LFB – Going Home

It’s not the end of the blog but..

Hidden Cove summer

The other day when I wrote about possibly going home, it was just an idea that could have become a plan. The way the universe works, I was just offered a way to go back (and get back on my feet) between now and next month. So…I’m going to stay another month few days and then head back to California.

I’ve become a complainer here and I don’t like that person. My Lessons on Brazil, which started rather innocently, has become my venue for veiled (and not-so-veiled) complaints. In fact, it’s me holding back, because if I wrote a post about everything, I’d write twice as much. I didn’t start out this way, when I came here to live for the first time in 2005, everything was fine. Again, in 2009, I was fine…until the last few weeks when I felt a strong need to leave the country. This time around, since 2011, I was also fine for at least half the time I’ve been here but, in the last few months in particular, life here has been getting to me and I feel it’s changing me. Some have said that it’s likely Rio’s fault, a cidade de beleza e caos. That’s quite possible, though not entirely.

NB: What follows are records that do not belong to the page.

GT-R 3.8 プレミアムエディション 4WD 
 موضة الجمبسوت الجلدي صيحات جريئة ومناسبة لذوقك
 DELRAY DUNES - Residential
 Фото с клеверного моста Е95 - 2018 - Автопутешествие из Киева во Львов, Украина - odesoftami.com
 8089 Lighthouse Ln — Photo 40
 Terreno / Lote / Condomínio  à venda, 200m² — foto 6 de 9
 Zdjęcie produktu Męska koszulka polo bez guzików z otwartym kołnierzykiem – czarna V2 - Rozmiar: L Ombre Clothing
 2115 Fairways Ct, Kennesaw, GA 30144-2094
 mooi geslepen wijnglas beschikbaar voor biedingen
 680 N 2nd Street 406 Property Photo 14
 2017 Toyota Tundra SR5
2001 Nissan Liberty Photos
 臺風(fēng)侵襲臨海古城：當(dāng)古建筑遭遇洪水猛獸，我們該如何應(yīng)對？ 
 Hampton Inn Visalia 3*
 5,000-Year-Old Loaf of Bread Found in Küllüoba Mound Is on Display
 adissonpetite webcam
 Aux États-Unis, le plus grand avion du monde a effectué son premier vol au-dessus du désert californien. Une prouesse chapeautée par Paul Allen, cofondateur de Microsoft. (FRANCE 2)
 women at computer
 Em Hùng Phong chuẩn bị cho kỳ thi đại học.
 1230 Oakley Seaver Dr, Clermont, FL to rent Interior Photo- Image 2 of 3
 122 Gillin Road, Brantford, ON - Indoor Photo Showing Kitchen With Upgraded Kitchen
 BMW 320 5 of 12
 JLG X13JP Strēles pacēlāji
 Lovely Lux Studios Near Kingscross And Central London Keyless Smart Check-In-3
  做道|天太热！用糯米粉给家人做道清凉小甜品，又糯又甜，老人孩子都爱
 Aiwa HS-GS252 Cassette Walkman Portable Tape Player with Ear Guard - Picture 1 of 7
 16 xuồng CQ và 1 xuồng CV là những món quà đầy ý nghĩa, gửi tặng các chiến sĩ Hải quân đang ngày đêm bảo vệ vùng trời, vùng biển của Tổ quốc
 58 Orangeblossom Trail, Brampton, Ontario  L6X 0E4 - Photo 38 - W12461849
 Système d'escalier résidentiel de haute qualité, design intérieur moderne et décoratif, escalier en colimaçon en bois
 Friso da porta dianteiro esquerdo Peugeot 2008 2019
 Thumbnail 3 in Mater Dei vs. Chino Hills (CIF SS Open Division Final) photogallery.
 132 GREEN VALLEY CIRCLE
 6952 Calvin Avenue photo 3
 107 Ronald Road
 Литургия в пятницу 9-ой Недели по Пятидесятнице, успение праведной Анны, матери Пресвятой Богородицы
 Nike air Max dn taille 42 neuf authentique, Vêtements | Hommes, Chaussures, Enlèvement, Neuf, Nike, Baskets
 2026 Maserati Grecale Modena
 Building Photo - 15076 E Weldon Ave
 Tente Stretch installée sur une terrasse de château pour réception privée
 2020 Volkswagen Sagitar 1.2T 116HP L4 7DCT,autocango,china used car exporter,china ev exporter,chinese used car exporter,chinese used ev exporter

Judging from the outside looking in should be something personal and, in the best of circumstances, it should be curbed over time. I’ve been placing my version of normal on what is considered normal here and finding it doesn’t add up. Well, of course it doesn’t. Intellectually, it’s obvious, but it’s still hard to override almost 30 years of norms learned in my own country, no matter what country I compare it to.

Here’s a few of the things I’m looking forward to when I get back…

- Driving. I really, really love driving. It’s close to total freedom. Choose where to go, who to go with, all with your own soundtrack.

- Working for hours from a cafe (with outlets for my laptop) with free wi-fi and being left alone by the staff.

- Target. Ok, that’s just an example store, but the fact is I know all the kinds of things they sell there, I can get there easily and find what I want in record-time. I may not like corporate culture nor corporate dominance (over Mom & Pops) but corporate solutions are a god-send for lots of items.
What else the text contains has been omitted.